The new Fin-de-Siècle Museum was supposed to open May 2013, yet due to circumstances didn’t open until December. And it was already April 2014 when I got a chance to actually go to Brussels. For at least one year I had been looking forward to see the collection of this new museum but boy… it was absolutely worth my wait.


The new Fin-de-Siècle Museum presents Brussels as the cultural crossroads of Europe at the turn of the century. This exceptional collection of works by Belgian artists such as James Ensor, Fernand Khnopff, Léon Spilliaert, Victor Horta, Henry Van de Velde or Philippe Wolfers,… and by foreign artists such as Paul Gauguin, Auguste Rodin, Pierre Bonnard, Emile Gallé, Louis Majorelle and Alphonse Mucha,… places the art scene at the heart of international creativity.”

Patiently I waited half an hour in line (what’s another half hour when you have already waited a whole year?) before I could – finally – enter the Fin-de-Siècle Museum. A museum that is in fact located inside the Royal Museum of Fine Arts of Belgium, on the -5th to -8th floor.

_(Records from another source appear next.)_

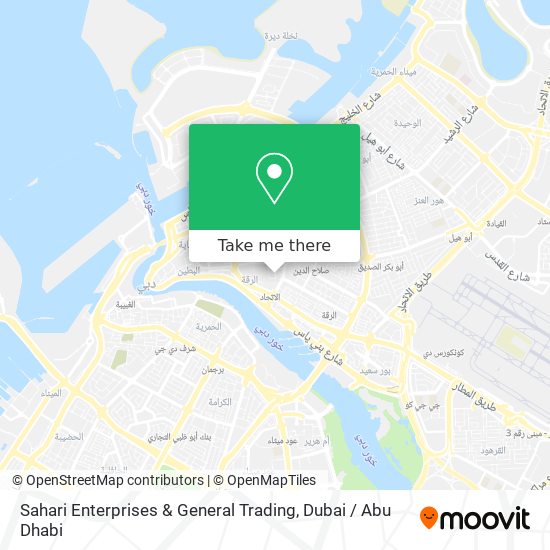 Sahari Enterprises & General Trading map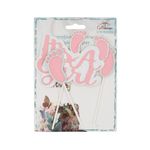 Casa si Gradina - Decoratiuni - Decoratiuni petrecere - Accesorii pentru petrecere - Cake Topper tort mesaj It's A Girl - Infinity.ro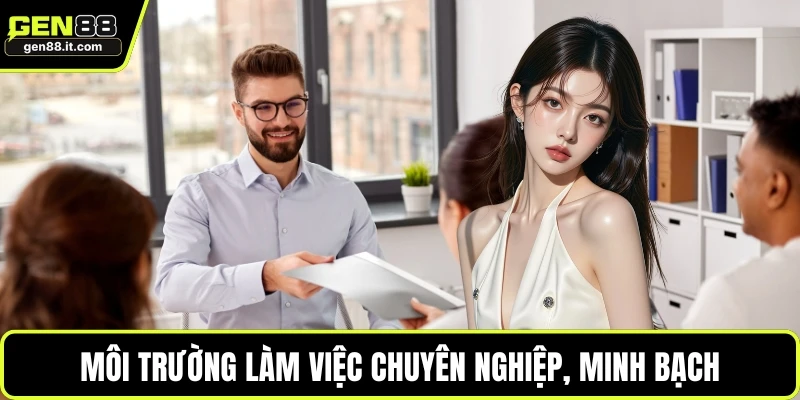 Tuyển Dụng GEN88 4 Môi trường làm việc chuyên nghiệp, minh bạch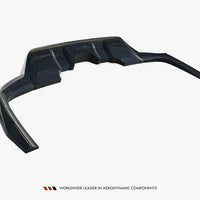 Maxton Design - Rear Splitter (Vertical Bars) Mercedes-Benz GLS AMG-Line X167 Facelift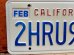 画像2: dp-130801-13 80's License plate "CALIFORNIA"  (2)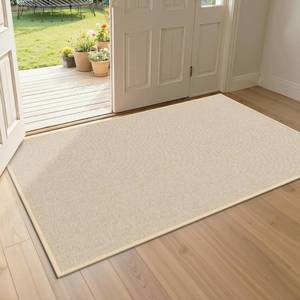 lot 331242 image: Indoor Door Mats 32x47 Door Mat Indoor Entrance Resist Dirt Inside Washable Non Slip Entry Rugs for Entryway, Beige
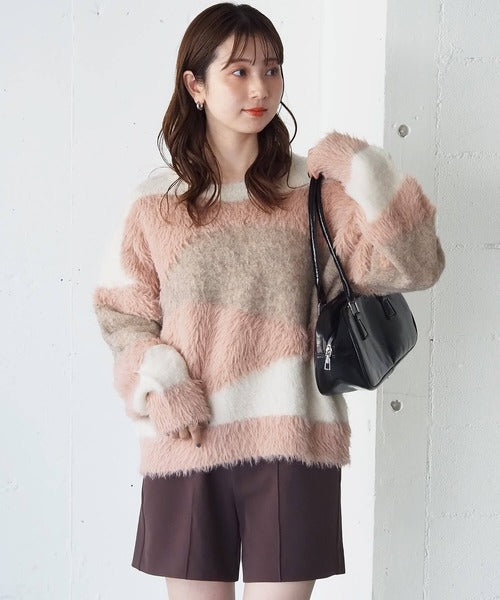 <預訂> 日牌Tiptop 銀河閃粉混紡針織上衣｜三色入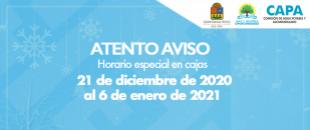 HORARIO DICIEMBRE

Before you reach the -5th floor, you have to pass through the -3rd and -4th floor; both packed with paintings. And then, when you do get to the -5th floor, there are even more paintings! The purpose of those paintings is to explain the 1900’s Academic Arts scene. But to be honest, I felt some disappointment because there seemed to be only paintings.

I learned that I genuinely dislike Egon Schiele’s work, and the same goes for James Ensor‘s work. Fortunately there were enough paintings that I díd like.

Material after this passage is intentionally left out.